= Dominicus Sapma =

16th–17th century Dutch Protestant Reformed clergyman

Dominicus Sapma (1586–1635) was a Dutch Protestant Reformed clergyman during the Eighty Years' War. He was one of the prominent Remonstrants who were summoned to the Dordrecht Synod in 1618–19.

== Biography ==
Sapma was born in Amsterdam. After studying at the University of Leiden and his first pastorate in Ter Aar (1610), Sapma was appointed pastor to Hoorn in 1614, where he succeeded a Remonstrant clergyman and was involved in the disputes between Franciscus Gomarus and the followers of Jacobus Arminius (Remonstrants), who died in 1609, became active. Since Sapma was known as a sharp Remonstrant polemicist, his summons to the Dordrecht Synod in 1618 was foreseeable. While he was in Dordrecht, he learned that his pregnant wife, Grietje Ulbeshad been expelled from the rectory in Hoorn. Sapma then left the synod on his own initiative to help his wife in Hoorn. But he had to return to Dordrecht; his expulsion from Hoorn was accompanied by serious unrest among the population, resulting in dead and wounded people.

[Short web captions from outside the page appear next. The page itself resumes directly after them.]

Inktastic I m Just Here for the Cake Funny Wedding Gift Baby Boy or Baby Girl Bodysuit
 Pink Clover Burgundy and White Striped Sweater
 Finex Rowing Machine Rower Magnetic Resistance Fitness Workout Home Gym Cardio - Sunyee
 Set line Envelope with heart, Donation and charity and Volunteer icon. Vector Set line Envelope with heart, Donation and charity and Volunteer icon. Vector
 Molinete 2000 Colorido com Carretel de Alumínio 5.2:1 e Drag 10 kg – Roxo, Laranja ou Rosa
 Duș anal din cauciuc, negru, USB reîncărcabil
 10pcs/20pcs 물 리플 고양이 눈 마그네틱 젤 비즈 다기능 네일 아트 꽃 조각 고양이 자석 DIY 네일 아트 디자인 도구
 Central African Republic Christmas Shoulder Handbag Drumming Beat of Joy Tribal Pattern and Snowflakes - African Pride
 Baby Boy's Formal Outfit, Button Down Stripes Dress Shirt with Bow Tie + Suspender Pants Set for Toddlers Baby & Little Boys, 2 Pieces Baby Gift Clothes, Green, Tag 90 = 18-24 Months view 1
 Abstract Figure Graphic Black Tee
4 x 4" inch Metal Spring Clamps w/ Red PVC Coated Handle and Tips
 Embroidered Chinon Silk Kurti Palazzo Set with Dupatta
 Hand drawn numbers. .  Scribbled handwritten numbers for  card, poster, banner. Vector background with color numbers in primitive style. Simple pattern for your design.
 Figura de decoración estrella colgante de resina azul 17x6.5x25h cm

As with the other prominent remonstrators, Sapma's conviction in Dordrecht in 1619 was followed by expulsion from the Netherlands. But he only stayed in Waalwijk for a short time and then returned to the Netherlands, where he lived underground in different places. On August 28, 1628, he was captured in Amsterdam and interrogated several times in the city prison under threat of torture; he refused to give the authorities information about the Remonstrant underground organization. His steadfastness earned him respect and, as a result, relief from his imprisonment: his wife was allowed to visit him. By changing clothes with Grietje Ulbes, he was able to escape from prison; Ulbes, who remained behind in her husband's place, was released shortly afterwards. 'Droeve gevanckenisse and blijde uytkomst). He continued to live underground until his death and helped escape other Remonstrants, Johannes Grevius and S. Prince, who were imprisoned in Amsterdam. He died in 1635 in Hoorn.